但是大問題的問題不僅僅在於它們並不立即獲得回報,可能會讓你浪費很多時間。如果僅僅如此,它們就不會比去拜訪岳父母更糟糕。事情並不僅僅如此。大問題是令人恐懼的。面對它們幾乎是一種身體上的痛苦。就像將吸塵器連接到你的想像力上一樣。你所有最初的想法立即被吸走,你再也沒有了,但吸塵器仍在吸。


You can't look a big problem too directly in the eye. You have to approach it somewhat obliquely. But you have to adjust the angle just right: you have to be facing the big problem directly enough that you catch some of the excitement radiating from it, but not so much that it paralyzes you. You can tighten the angle once you get going, just as a sailboat can sail closer to the wind once it gets underway.
你不能直視一個大問題。你必須以略微偏斜的角度來處理它。但你必須調整角度得當:你必須直接面對這個大問題,以便感受到它散發出的一些興奮,但不要讓它使你癱瘓。一旦開始行動,你可以收緊角度,就像一艘帆船在啟航後可以更靠近風航行一樣。

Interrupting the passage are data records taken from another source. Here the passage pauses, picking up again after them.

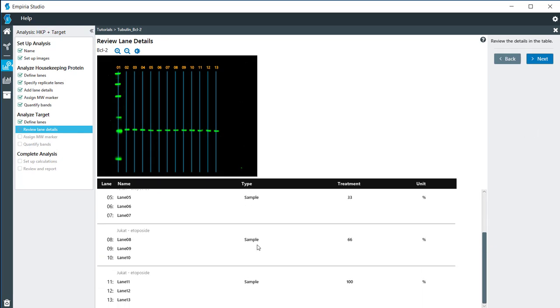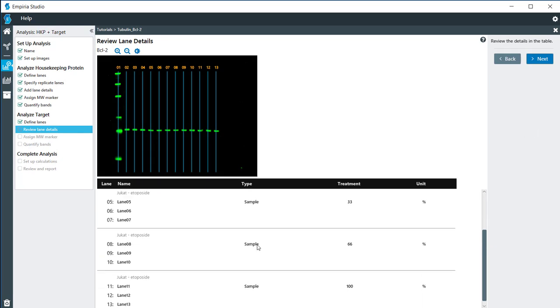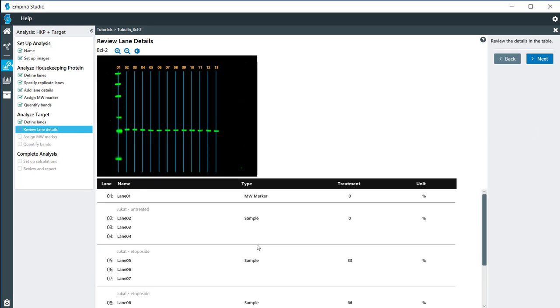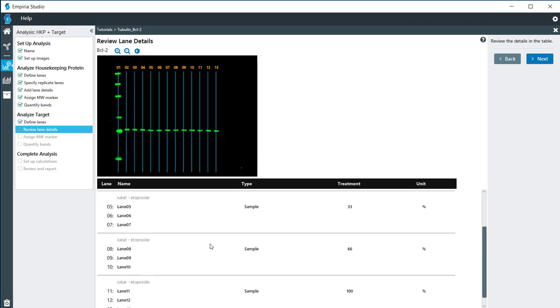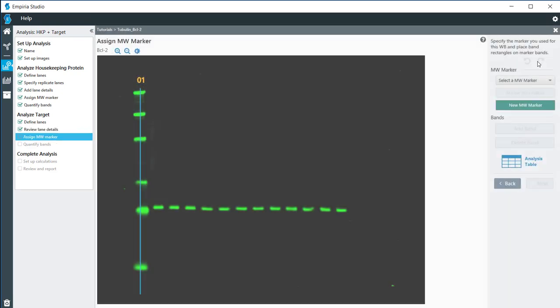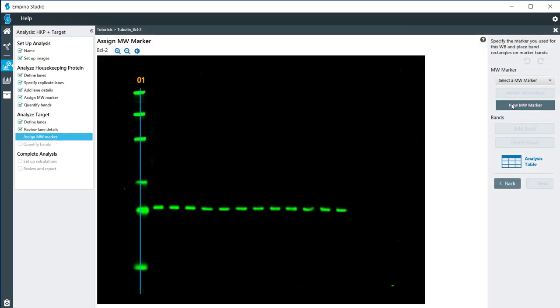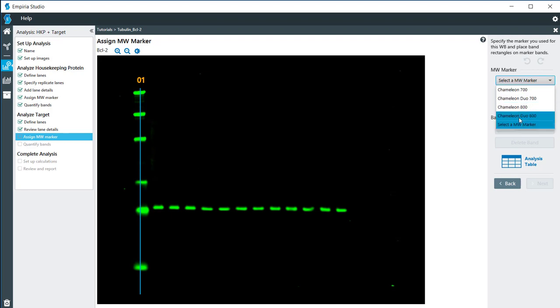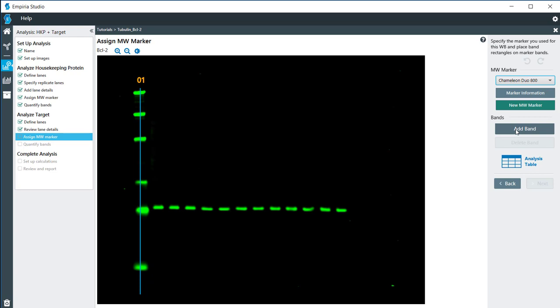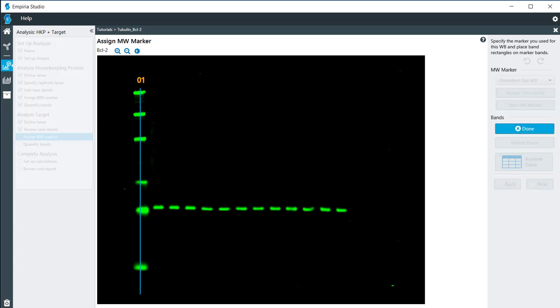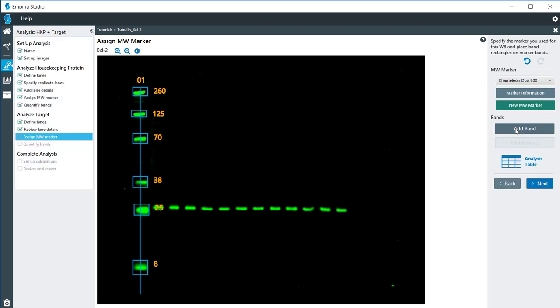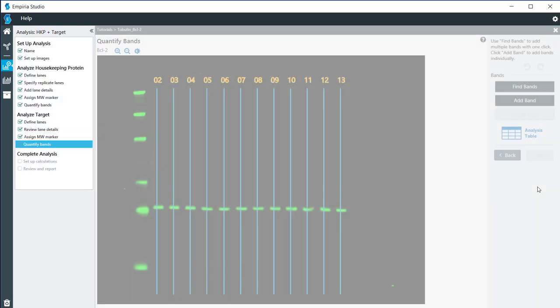Now everything is carried over from the previous information, so this is just so that you can take a look and make sure everything is correct. For my molecular weight marker, I have the Chameleon Duo 800. I'm going to add bands to this, and then click done, and then next.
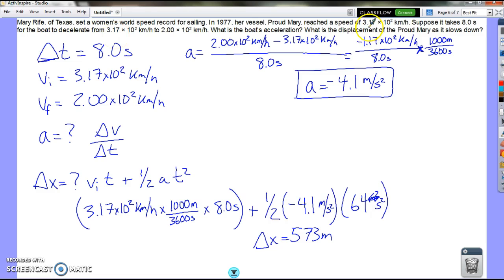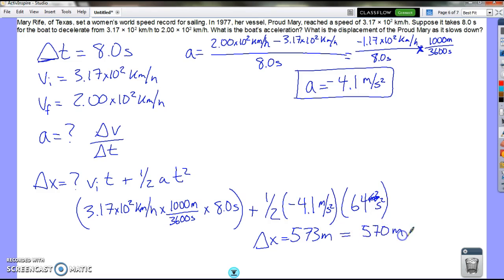Checking significant figures: we have 3 sig figs in some values, but time is only 2 sig figs, so our answer should be in 2 sig figs. So 573 rounds to 570 meters, or 5.7 times 10 to the 2 meters.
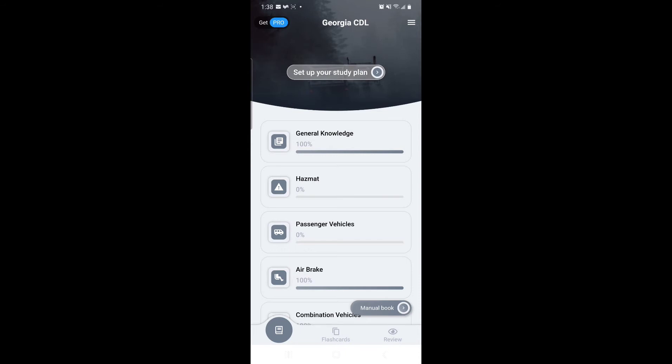So again, if you know anybody that wants to take their permit test for their CDL license, let them know about this app. It's free—you don't have to pay a single dime for it. It's very helpful. If somebody you know can't really sit down and focus reading a book, I'm telling you right now this app is gonna do wonders for you. So spread the love, spread the word, let anybody know about the app.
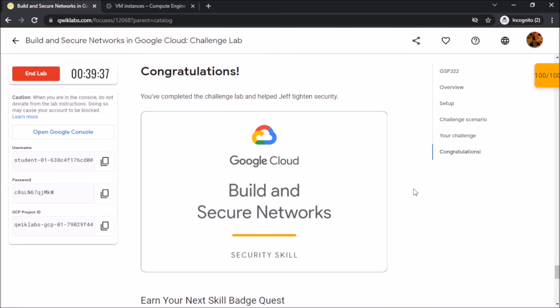So congratulations! You have successfully completed the Build and Secure Networks Challenge Lab.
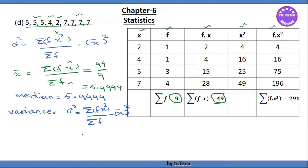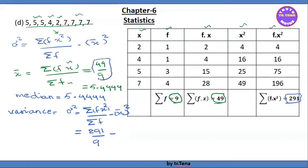So the summation of fx square gives us 291. Sigma f is 9. So it's 291 by 9, minus x bar the whole square — that is 49 by 9, the whole square.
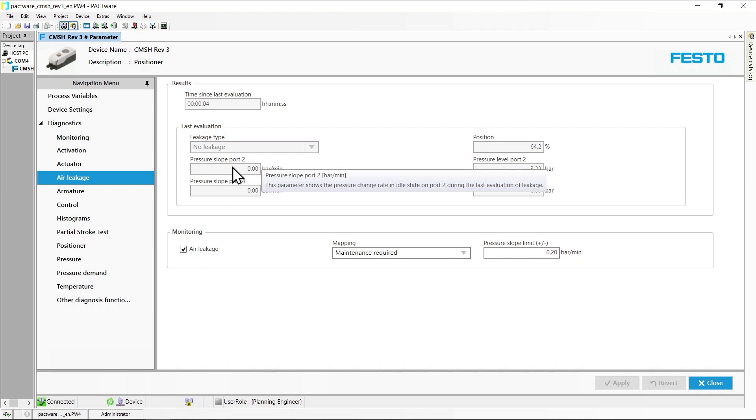Furthermore, the pressure change rates that were last observed. Decreasing pressures lead to negative values here.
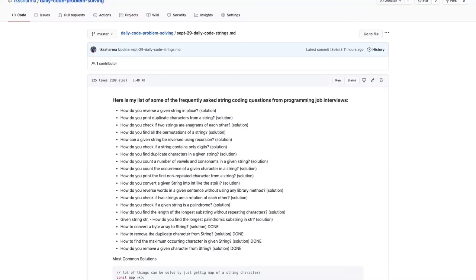Hi everyone, welcome back to my YouTube channel. In this playlist we are covering JavaScript interview questions. In the last 10 to 15 videos I covered all different questions about arrays and strings — problem statements where you have to write the algorithm, pseudo code, and the actual implementation. We will go further on that and explore more questions, because there may be a good number of questions — 50 plus — and if you go through them once, you will become aware of the tricky questions which may be asked in interviews.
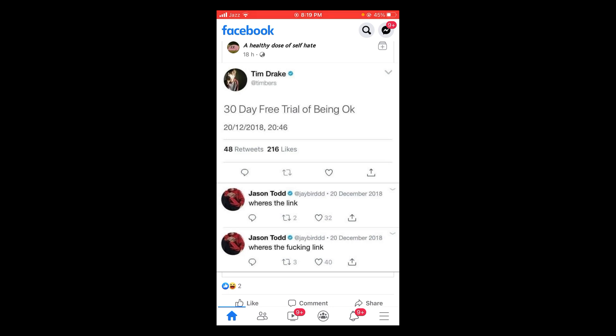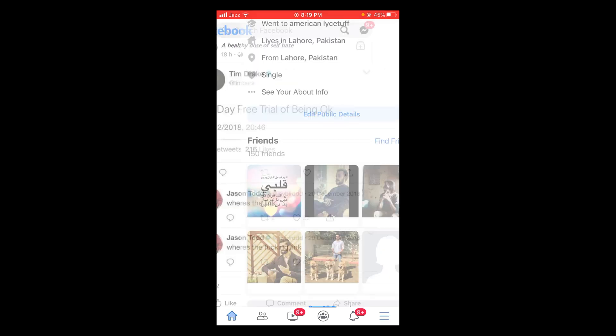So in this video, I am going to tell you how you can do that. First of all, tap on the three horizontal lines located at the bottom of the screen. After that, open your Facebook profile and tap on Edit Public Details.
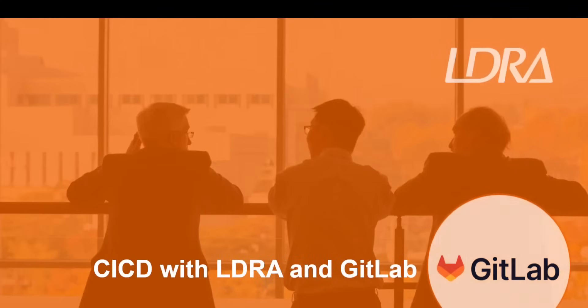Today, we will be looking at an example of a CI-CD pipeline created using the LDRA tool suite and GitLab.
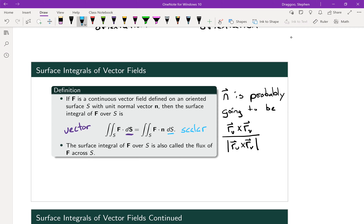If F is a continuous vector field defined on an oriented surface S with unit normal vector n, the surface integral of F over S is given by changing F·dS (vector-valued) into F dotted with the unit normal vector n, times the scalar dS. As one last piece of terminology, the surface integral of F over S is called the flux of F across S — a concept familiar from physics.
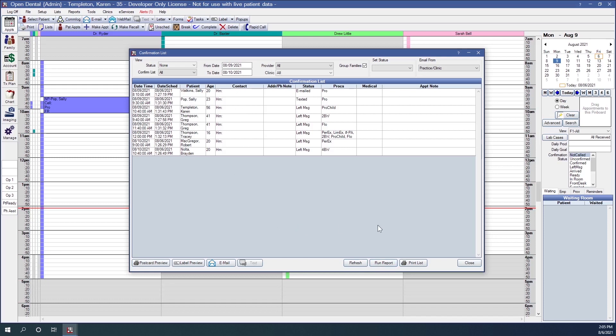We also have the ability to simply print this list, which will print exactly as it's displayed with no additional information.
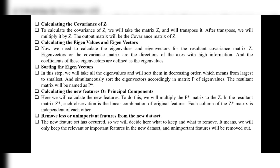Step 6: Calculating the new features — the principal components. This is the main step. We multiply the P-star matrix by Z. In the resultant matrix Z-star, each observation is a linear combination of the original features, and each column of Z-star is independent of the others. This new feature is called a principal component.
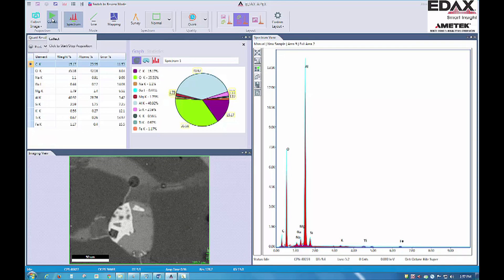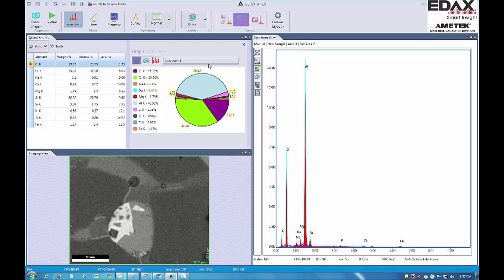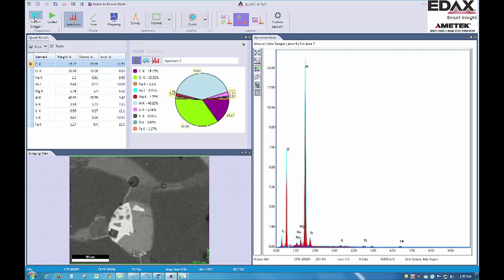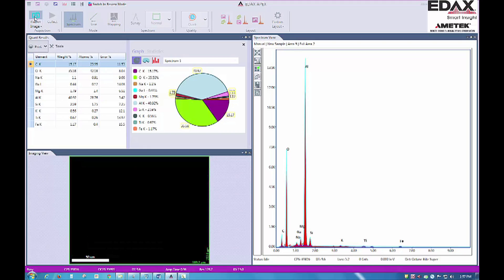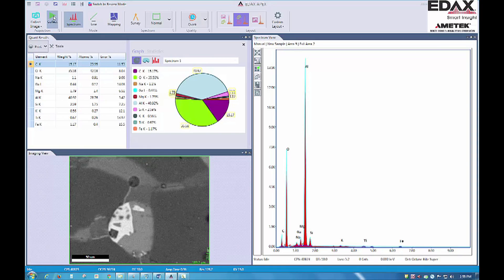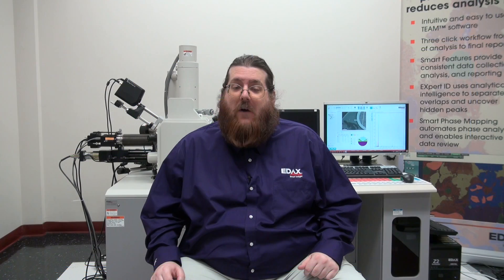The streamlined user interface guides any level of user through a quick and logical workflow, with live-time quantitative results and the ability to review and report data while collecting. Software screen layouts and color themes allow users to customize the workflow to maximize their own productivity for their specific task.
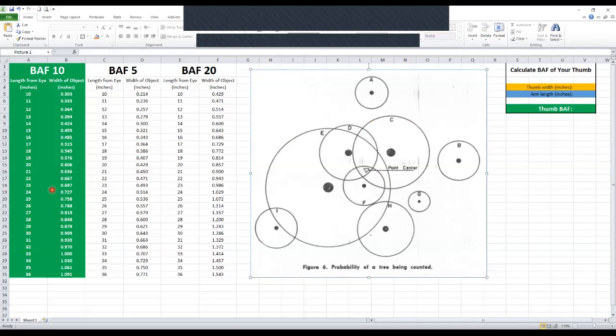We're probably going to use 10 BAF in the south, but I put in BAF 5 and BAF 20 for you here as well, and the diagram over here came from a really good publication from 1961 in Wisconsin. I'm going to upload that for you. It's a ton of really good information about basal area. But there's one more thing I want to draw your attention to over here.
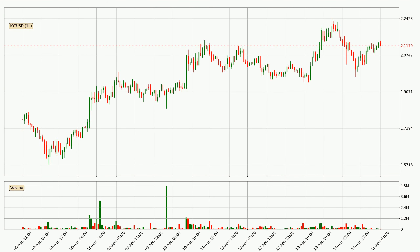Looking at the IOTA hourly time frame, the price moved down around 3.4% in the last 24 hours, with a current price of 2.12. However, the volume wasn't especially high, so this move wasn't very strong.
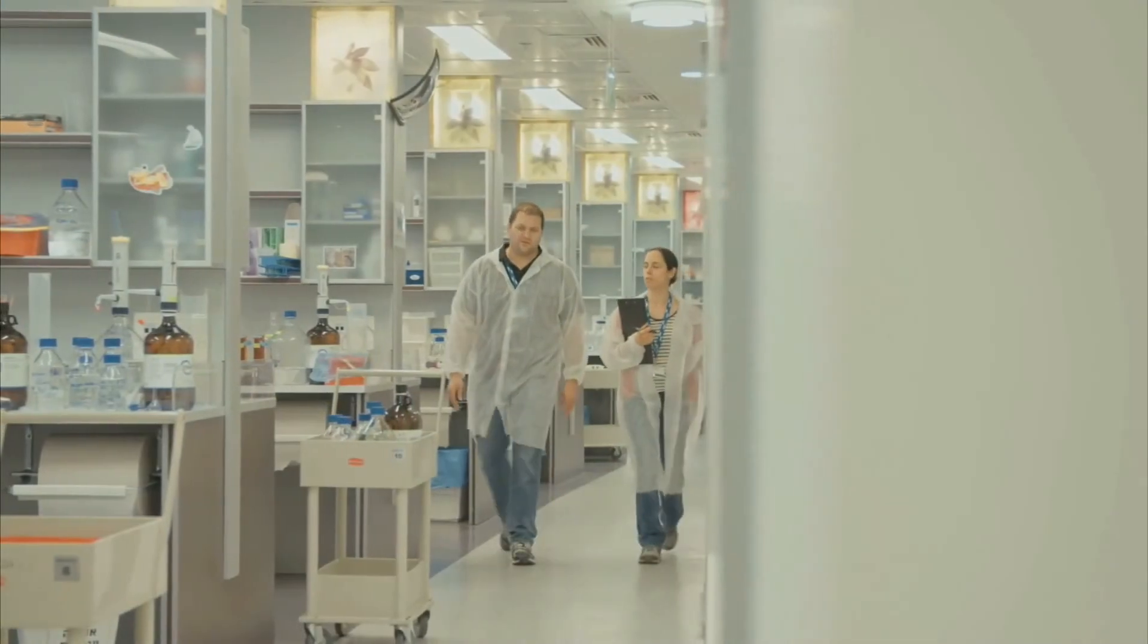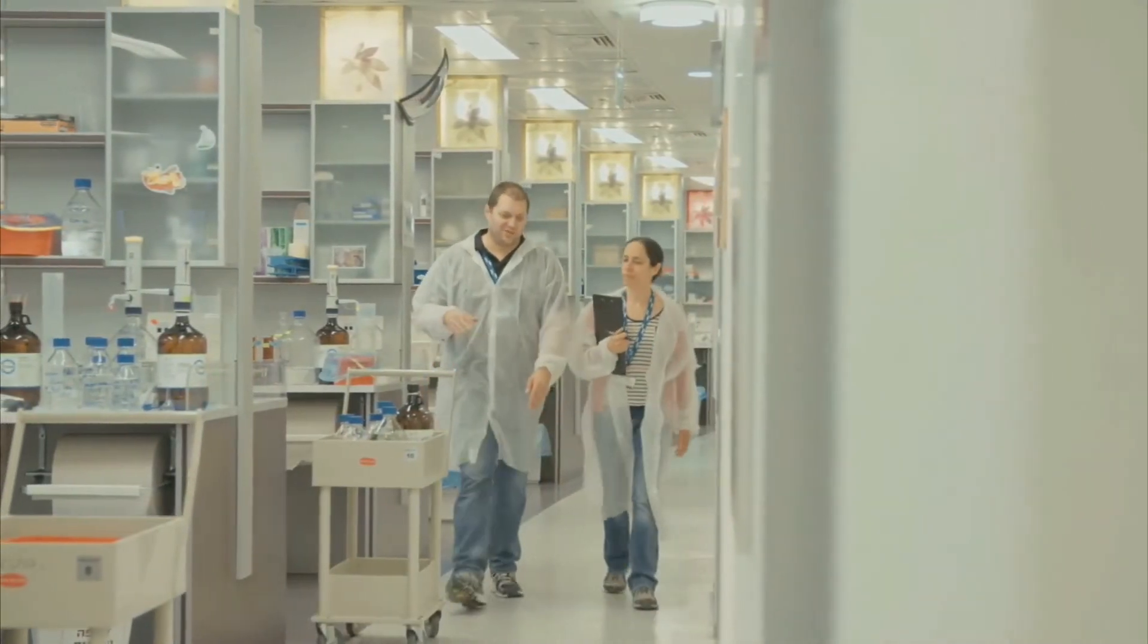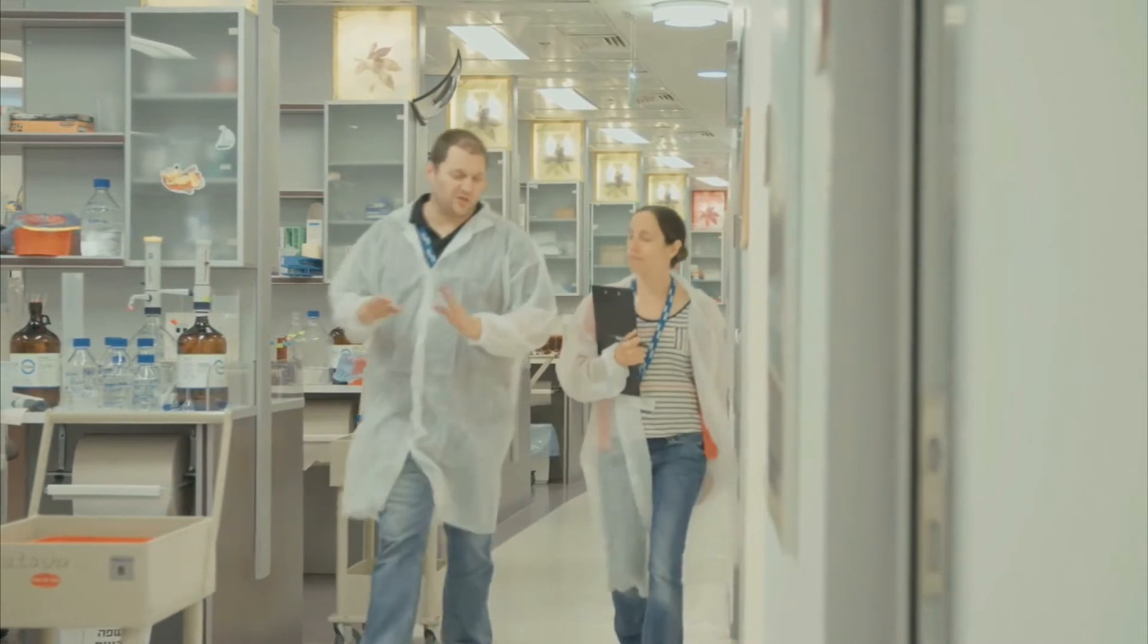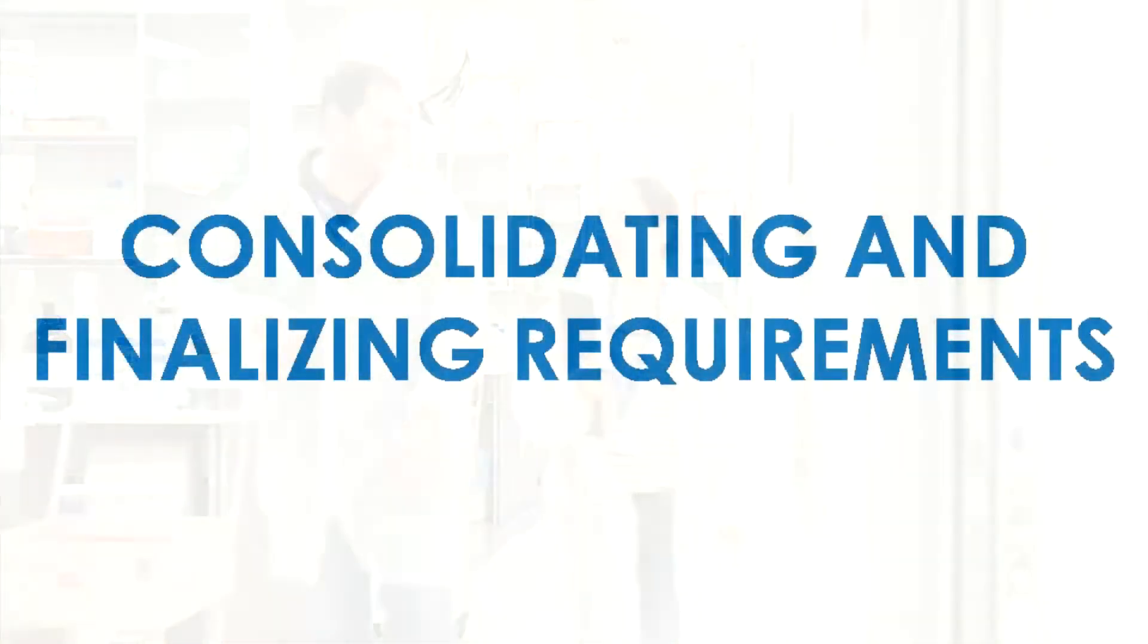In this short video, you will see some potential pitfalls that you can avoid while choosing, implementing, and using LIMS for your biobank.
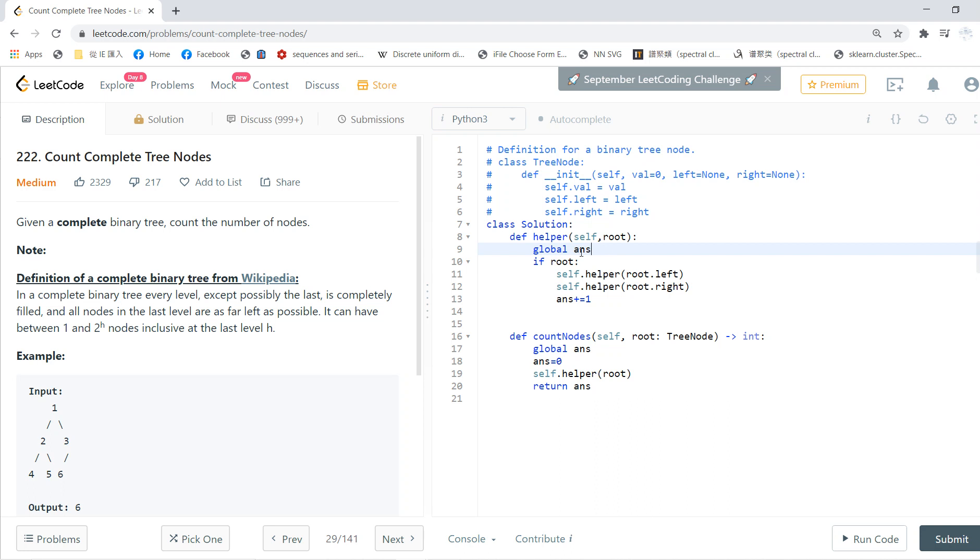The answer variable basically tracks how many nodes I've seen in the recursive function. I start by initializing answer to zero, and I call the helper function. After I call this helper function, the whole function will do the post-order traversal.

If you want to work on big things, you seem to have to trick yourself into doing it. You have to work on small things that could grow into big things, or work on successively larger things, or split the moral load with collaborators. It's not a sign of weakness to depend on such tricks. The very best work has been done this way.
如果你想做大事,似乎必須欺騙自己去做。你必須從小事做起,這些小事可能會成長為大事,或者逐漸從事更大的事情,或者與合作者分享道德負擔。依賴這些技巧並不表示軟弱。最好的工作就是這樣完成的。


When I talk to people who've managed to make themselves work on big things, I find that all blow off errands, and all feel guilty about it. I don't think they should feel guilty. There's more to do than anyone could. So someone doing the best work they can is inevitably going to leave a lot of errands undone. It seems a mistake to feel bad about that.
當我與成功讓自己投入重大事務的人交談時,我發現他們都會拋棄雜事,並對此感到內疚。我認為他們不應該感到內疚。要做的事情比任何人都多。因此,盡力做好工作的人必然會有許多雜事未完成。為此感到難過似乎是一個錯誤。


I think the way to "solve" the problem of procrastination is to let delight pull you instead of making a to-do list push you. Work on an ambitious project you really enjoy, and sail as close to the wind as you can, and you'll leave the right things undone.
我認為解決拖延問題的方法是讓喜悅引導你,而不是讓待辦事項清單推動你。致力於一個你真正喜歡的雄心勃勃的項目,盡可能接近極限,你會留下正確的事情未完成。






Thanks to Trevor Blackwell, Jessica Livingston, and Robert Morris for reading drafts of this.
感謝 Trevor Blackwell、Jessica Livingston 和 Robert Morris 審閱本文稿。